Exploring statistics

Monday, 2 January 2023

Cleaning images with Shiny and ImageMagick

I have a pile of old photos, literally (printed, loose or in albums and slide boxes) and figuratively (image files). Many of these are quite dirty: with dust, hairs and (particularly with scanned slides) black edges. Even fingerprint damage in places.

I also have a bunch of tools for processing photos.

But the tools just don't seem to meet my need for bulk cleaning of images. Look up guidance on how to use them, and it either seems to involve

using some 'heal' brush on each bit of dust (really not practical for a really dusty image),
or applying some 'remove dust' filter, which (for the tools I have) seems to change too much of the image, leaving non-dusty and interesting bits of the photo blurred,
or using a modern scanner with some sort of infrared detection of dust and hairs (and re-scanning everything?).
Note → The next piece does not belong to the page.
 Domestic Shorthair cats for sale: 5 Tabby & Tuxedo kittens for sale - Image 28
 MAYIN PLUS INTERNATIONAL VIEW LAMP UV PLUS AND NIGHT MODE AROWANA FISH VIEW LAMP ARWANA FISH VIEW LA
So, time to see if I can do something that meets my need better.

Using Shiny to build a simple web application and ImageMagick to do the image processing, I think I've got quite close. The main thing I like about my approach is that you can see directly where the dust has been found, and only those pixels get changed. So you don't notice later that the faces, hair or clothes have lost focus.

The code is up at GitHub, which also has links to a shinyapp.io instance (though you're probably better running the code on your own machine).

Not perfect, but the workflow is quite quick for me now. Some of the scans done 15 or 20 years ago are jpegs, which isn't ideal.

In future, a 'batch' version could be implemented pretty easily, but I think I need to experiment with more images before doing that.

Sunday, 4 December 2022

For "tidy-select" read "column", for "data-masking" read "row"

The moment arrived for an update to himach. I thought I was solving a few issues created by newer versions of packages that himach depends on (probably due to how I'd used them in the first place). Instead, I was faced with a host of:

use of .data$ in tidyselect expressions is deprecated

warnings.

It seems that I've been using the tidyverse wrong since I first made the 2speed project that became himach, 3 years ago. I'd understood that, in a package, you need to be specific and use, say, select(.data$x) or mutate(y = .data$x + 1) so that the code can be sure you're referring to the variable x from the dataframe and not another variable. This was one of the tricky steps to get used to when moving from writing 'normal' open code, to writing a package.

But it was more subtle than that, or at least it is now, sometimes that's true and sometimes not. The tidyverse of course improves and develops, and maybe it wasn't clear to the authors then either at the time. So, updating my code wasn't just about a global search and replace, it depends on what function is being used.

There are two types of reference to variables. This seems to be a key reference.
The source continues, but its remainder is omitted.